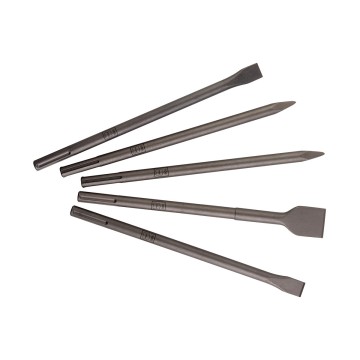 Набор зубил SDS-plus, «professional», 5 предметов (630488000)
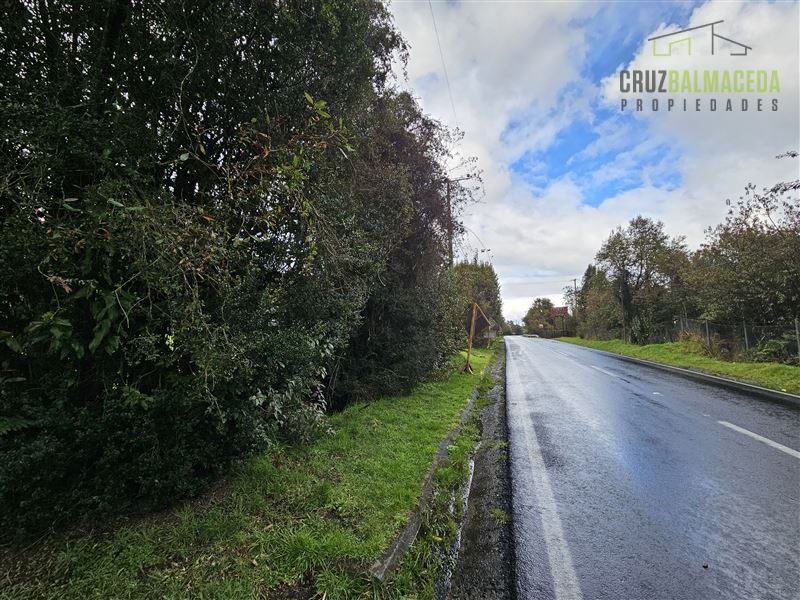 Parcela en venta en Puerto Varas — foto 3
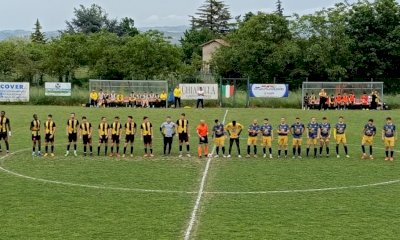 Calcio, playoff Terza Categoria: il Manta travolge il Bernezzo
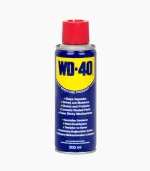 WD-40 Yağlayıcı ve Pas Sökücü - 200 ml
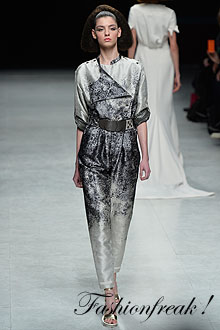 Julien Fournie S/S 2015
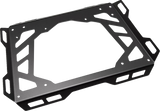 SW-Motech PRO Rackpack Tail Bag and ADVENTURE-RACK Extension System for Honda Africa Twin 2018–2024, Black, GPT.01.890.30000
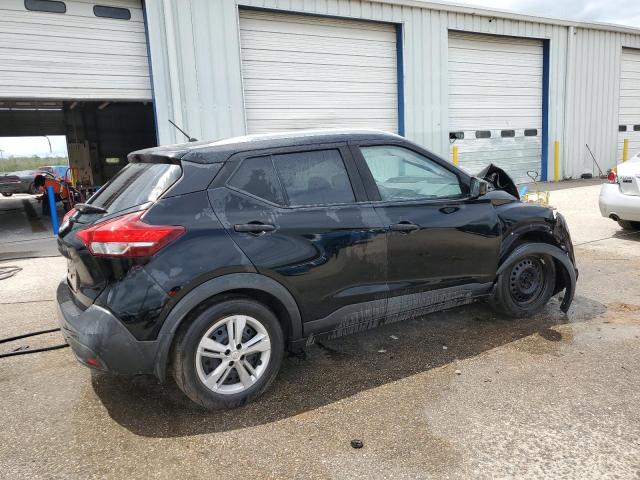 2019 NISSAN KICKS S - 3N1CP5CU2KL559868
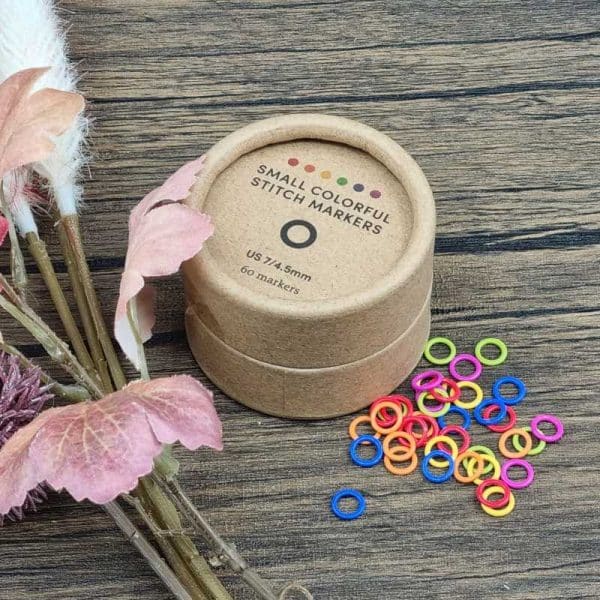 Bild på Stickmarkörer från CocoKnits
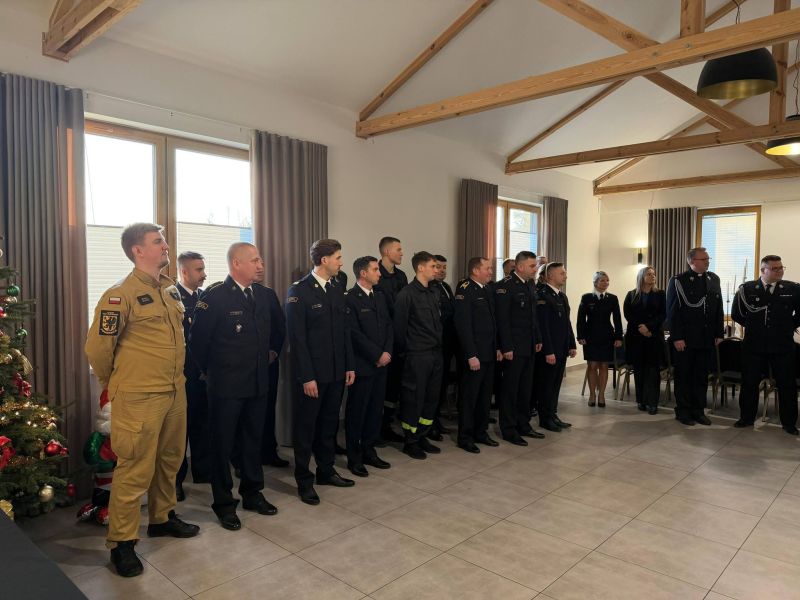 WIGILIA STRAŻAKÓW 3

+ + + +

Copy out, unchanged, the span of lines beginning with the one that includes "Calcio, playoff Terza" and running through the final line of the material above. Leave the pictures out.

Answer to the problem:
 Calcio, playoff Terza Categoria: il Manta travolge il Bernezzo
 WD-40 Yağlayıcı ve Pas Sökücü - 200 ml
 Julien Fournie S/S 2015
 SW-Motech PRO Rackpack Tail Bag and ADVENTURE-RACK Extension System for Honda Africa Twin 2018–2024, Black, GPT.01.890.30000
 2019 NISSAN KICKS S - 3N1CP5CU2KL559868
 Bild på Stickmarkörer från CocoKnits
 WIGILIA STRAŻAKÓW 3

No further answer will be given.